The Olympia City Council's General Government Committee will reconsider the Nuclear Free Zone Ordinance of 2005 at a special meeting Tuesday. The committee is made up of Jeff Kingsbury, Rhenda Strub, and Craig Ottavelli, all of whom have criticized the ordinance.

Kingsbury asked the council to allow his committee to reconsider the validity of the act, its cost, who is signing required statements saying they are not associated with nuclear weapons, and which groups are exempt.

Kingsbury said a number of people have called or e-mailed asking that the measure be repealed. He stopped short of saying he would vote to repeal it.

"My impression of the ordinance is that it doesn't do anything except make a statement," Kingsbury said.
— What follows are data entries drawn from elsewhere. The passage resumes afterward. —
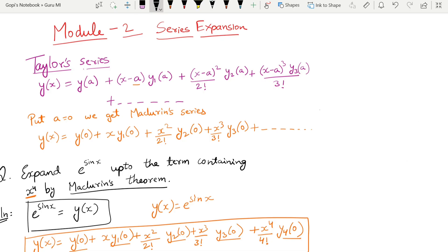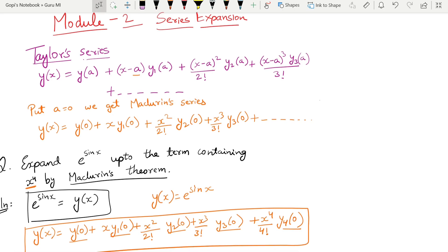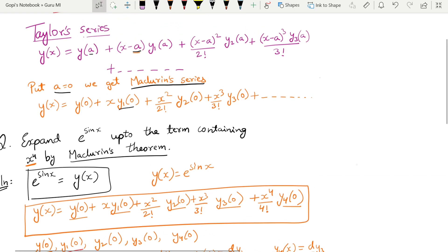Now, in English, we have two series expansion formulas today. The first formula is the Taylor series expansion. We expand a function y of x: y(x) equals y(a) plus (x minus a) times y1(a) plus (x minus a) squared by two factorial times y2(a), and so on. If the constant 'a' equals zero, that gives us the Maclaurin series: y(x) equals y(0) plus x times y1(0) plus x squared by two factorial times y2(0) plus x cubed by three factorial times y3(0), and so on.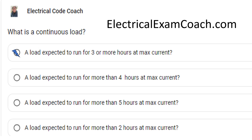Electric vehicle supply equipment, regardless of whether you or I think it is or is not going to run for three or more hours at max current, the NEC has declared that it is considered a continuous load for the purpose of calculating branch circuits and similar calculations. So just watch out for that — the three-hour rule is great for all other equipment, unless the NEC has specifically specified that a piece of equipment is a continuous load.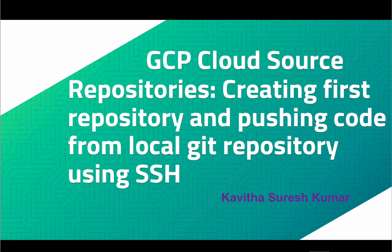Hi, this is Kavitha Suresh Kumar and in this video I am going to demonstrate how to create a GCP cloud source repository and push the code from the local git repository to that newly created GCP cloud source repository using SSH as an authentication mechanism.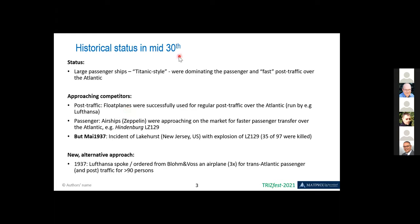For passengers, it was now appearing possible to get travel time down from one to two weeks to maybe a couple of days by using the Zeppelin approach, which was clearly at this time — beginning or middle of the thirties — quite successful. However, there was an incident in May 1937, the Lakehurst incident, when the airship LZ 129 exploded. Of the 97 people, 35 were killed — 64 actually survived the explosion, which is amazing if you see the pictures. This was really a sudden death of this technology for passenger transport. People were looking for new alternatives, and Lufthansa, who were running successful post traffic, spoke with Blohm and Voss and ordered three large airplanes for transatlantic passenger and post traffic transport for a class of more than 90 persons. That was basically the start of the development project.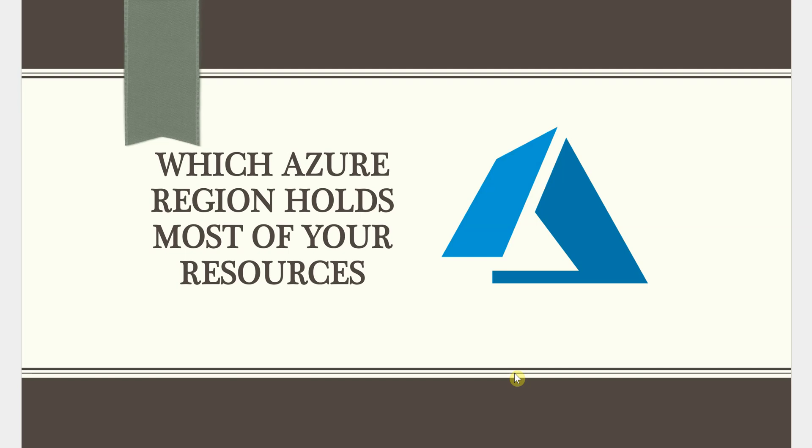Hello everyone, welcome back. So in today's video we will see how we can visualize our resources with respect to a given Azure subscription.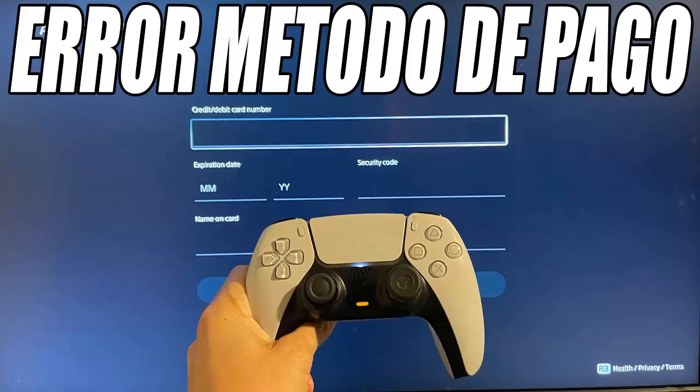If you already have an added card that is causing problems, the first thing we should do is delete it. Click on the credit or debit card that is generating the error and select the Delete button.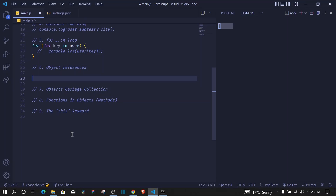Now pay close attention to object references, because this is where you'll understand the difference between primitive data types and objects. Objects are stored and copied by reference, while primitive types are stored and copied by value. To clearly understand this we'll look at two examples: one with primitive types and one with objects.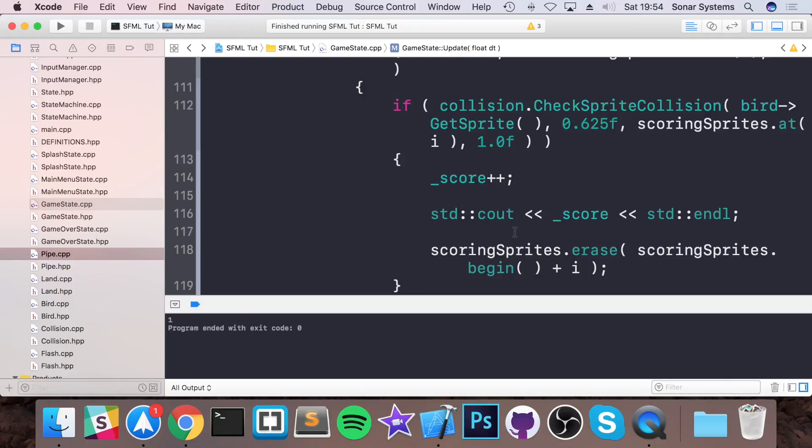In the next video we'll cover how to actually display the score on screen rather than in the command line. If you have any questions, post them on my educational platform sonarlearning.co.uk. There will be a link to the GitHub page with all the source code from every part of this course. Thanks for watching and I hope you have a great day.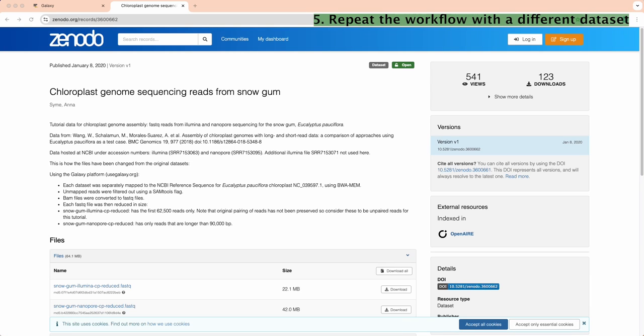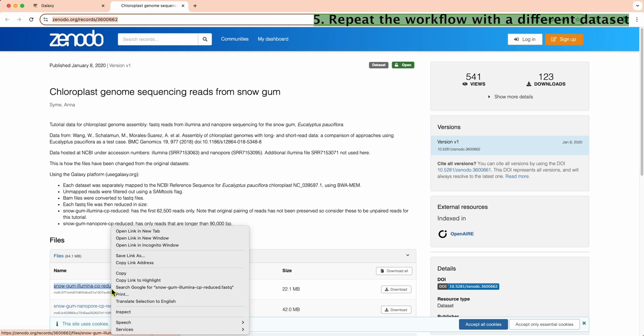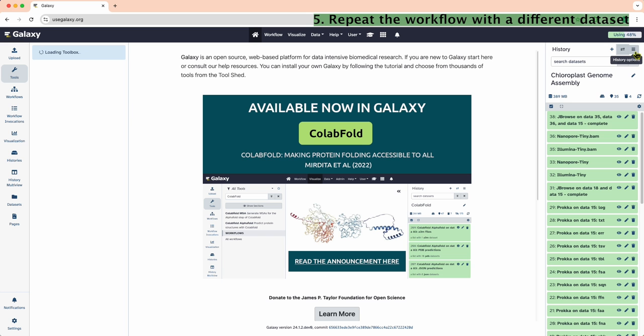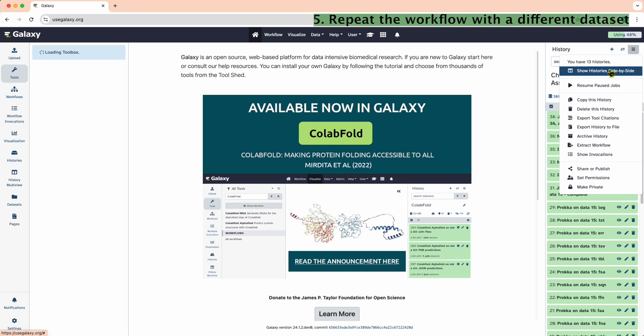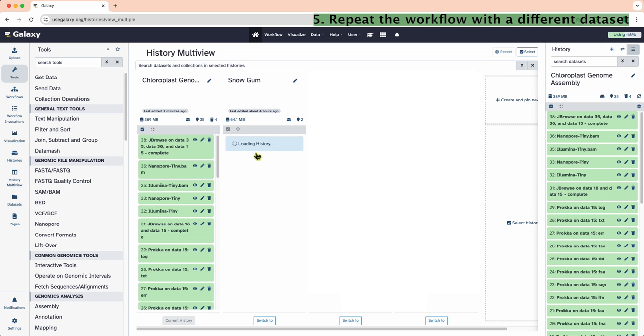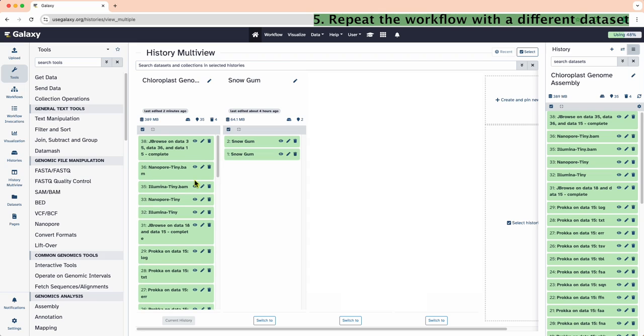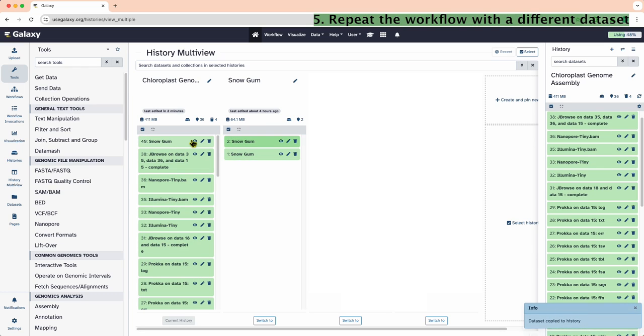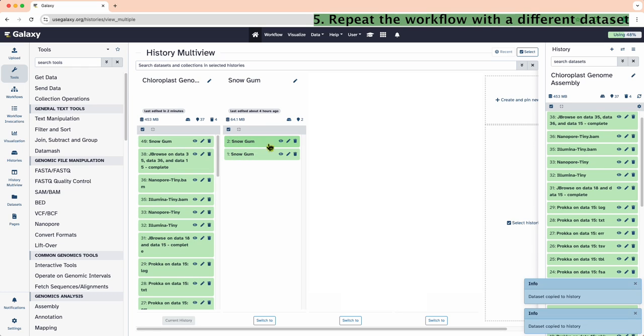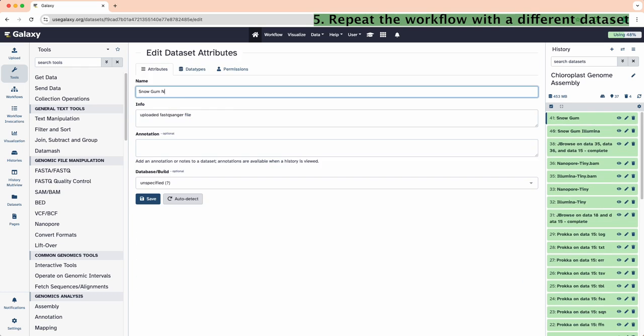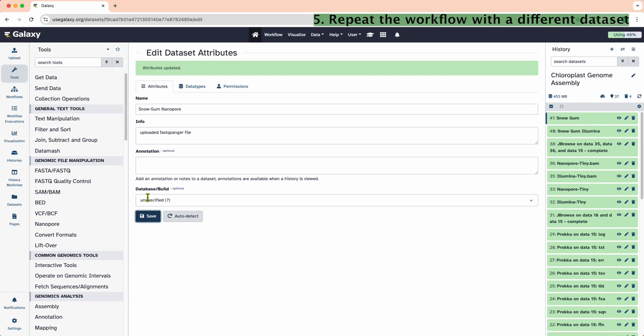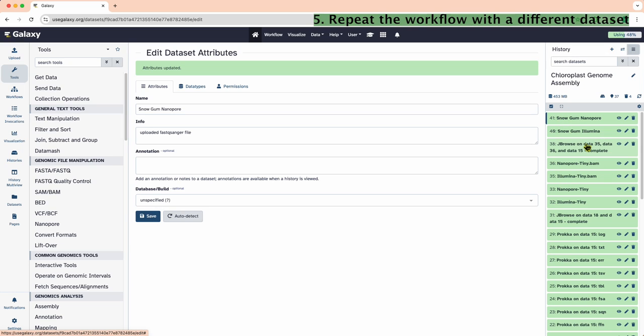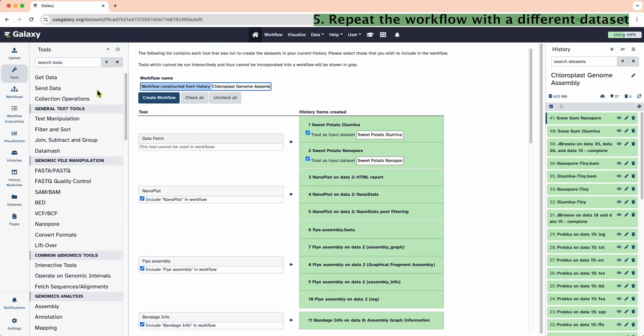If we need to repeat the analysis with a different dataset, here is one way to do it. Let's get the dataset link from Genodo. Upload the data into the history. Update the attributes as we did previously. Next, extract the workflow from our original history. We can make minor tweaks as needed. Click Create Workflow.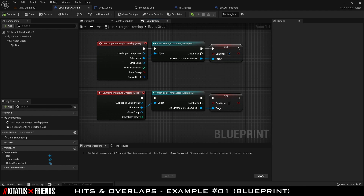When begin overlap is triggered, we check to see if the other actor is BP Character Example 1. If it is, we let them know that they can shoot. We do something similar when end overlap is triggered — we check if the actor leaving our overlap is BP Character Example 1, and if so, we tell them that they can't shoot anymore.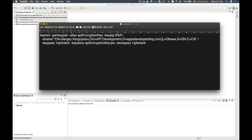Then we have locality, which is a locality name — it can be a city, for example. I provided the city Ottawa. Then we have state name — I provided Ontario, which is in Canada. And C stands for country, so here you provide the country in which this state is located. I provided Canada.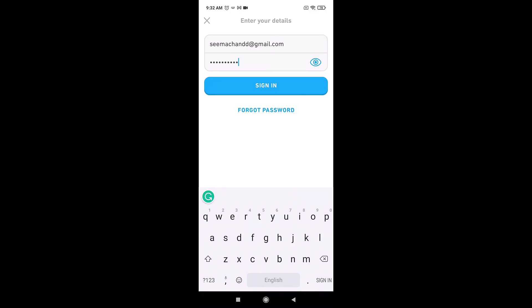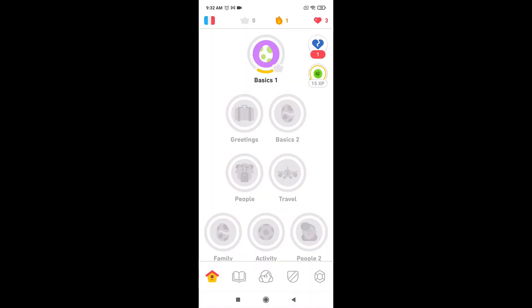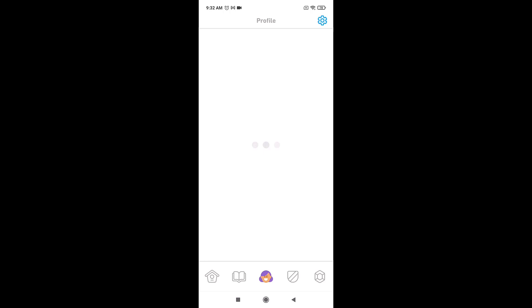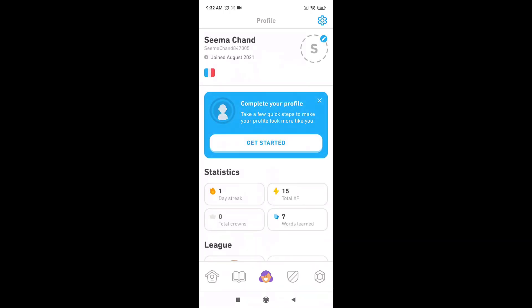This way you can log in on Duolingo. Now you can learn new languages for free.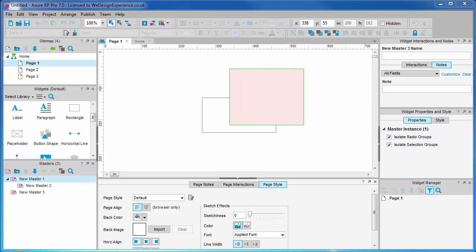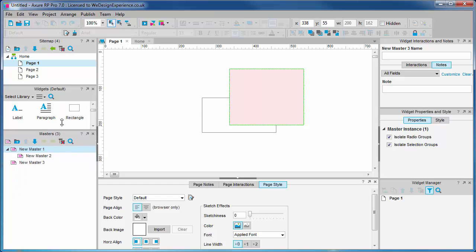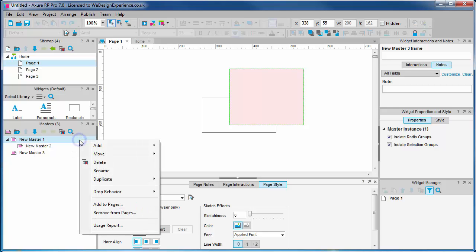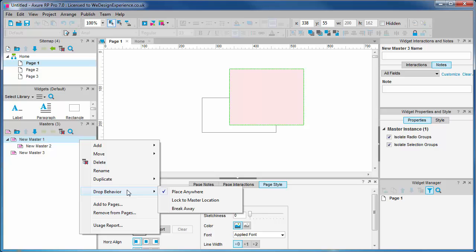Whereas in previous versions you had different types of master, in version 7 this is more accurately defined as drop behavior. You may have noticed these options in the master creation dialog, but we can access at any time by right clicking the master in the palette listing to see this option.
In interviews, most other council members were at least critical of the ordinance -- Strub, Ottavelli, Joan Machlis, and Mayor Doug Mah. Joe Hyer favors it, and Karen Messmer did not respond to phone messages.

The ordinance says:

• The city can't do business with companies associated with nuclear weapons, with some exceptions. City contractors must certify that companies are not associated with nuclear weapons, unless the city manager determines that there's no alternative.

• The mayor must write to representatives of nuclear-armed countries and other entities each year, informing them that the city is a nuclear-free zone.

• Nuclear weapons can't be developed, stored, or transported through Olympia. The exceptions are federal highways such as Interstate 5 and U.S. Highway 101, because the city doesn't have jurisdiction.

The City Council weakened the ordinance in 2006, when it exempted interlocal and purchase-and-sale agreements after at least five agencies hesitated to sign normally routine contracts because of the provision. Nuclear power has never been banned under the ordinance.

"I believe that the guts of the ordinance were stripped of its potency before it was ever passed, and after its first annual review, it was diluted even further," Kingsbury said.

Supporters of the ordinance say it makes an important statement.

TJ Johnson, a former councilman who proposed the ordinance, said its purpose is twofold: It increases awareness of nuclear weapons, and it allows the city to say it doesn't do business with those associated with the weapons.

He pointed out that the city already requires companies to sign statements certifying that they offer domestic-partnership benefits and don't have sweatshop labor. Only companies that offer spousal benefits must also offer domestic-partnership benefits; in June, a development team dropped out of the race to build the new Olympia City Hall because it wouldn't sign the domestic-partnership statement.

Johnson said the public overwhelmingly supported the nuclear-free ordinance.

"Why not put it to a public vote?" he said. "Why not allow both sides to put forward their best arguments and let the community decide?"

Hyer, the only current councilman to vote for the ordinance in 2005, said he still favors it.

"In this world, symbols are important," he said. "We don't need nuclear weapons."

An attempt by then-Mayor Mark Foutch to repeal the ordinance failed in 2006 when the council deadlocked 3-3, with Messmer abstaining. She said afterward that she didn't vote because she thought there should be more public process and added that she didn't want to spend any more time on the issue.

The council has changed dramatically since 2005. Three council members whose terms began this year were critical of the nuclear-free ordinance Thursday.

"I think it's an example of what I would call a nuisance ordinance," Ottavelli said.

Machlis said she will wait to see what the city's analysis of the ordinance says, but "I personally feel like that's not something I would have adopted."

Strub said she thinks the ordinance is ineffective.

"It's really turned into more of a paperwork nightmare . . . than it has a public statement in favor of peace," she said.



Associated Press
August 22, 2008


OLYMPIA, Wash. -- The Olympia City Council is reconsidering an ordinance that declared the city a nuclear free zone.

A city council committee will discuss repealing the ordinance at a Tuesday meeting.

Council members say a number of people have called and e-mailed asking the council to repeal the 3-year-old measure.

The ordinance bans the city from doing business with companies associated with nuclear weapons. Contractors must certify they are not associated with nuclear weapons.

The ordinance also says nuclear weapons can't be developed or stored in the city or transported through Olympia. The mayor has to write a letter to nuclear-armed countries each year telling them that Olympia is a nuclear free zone.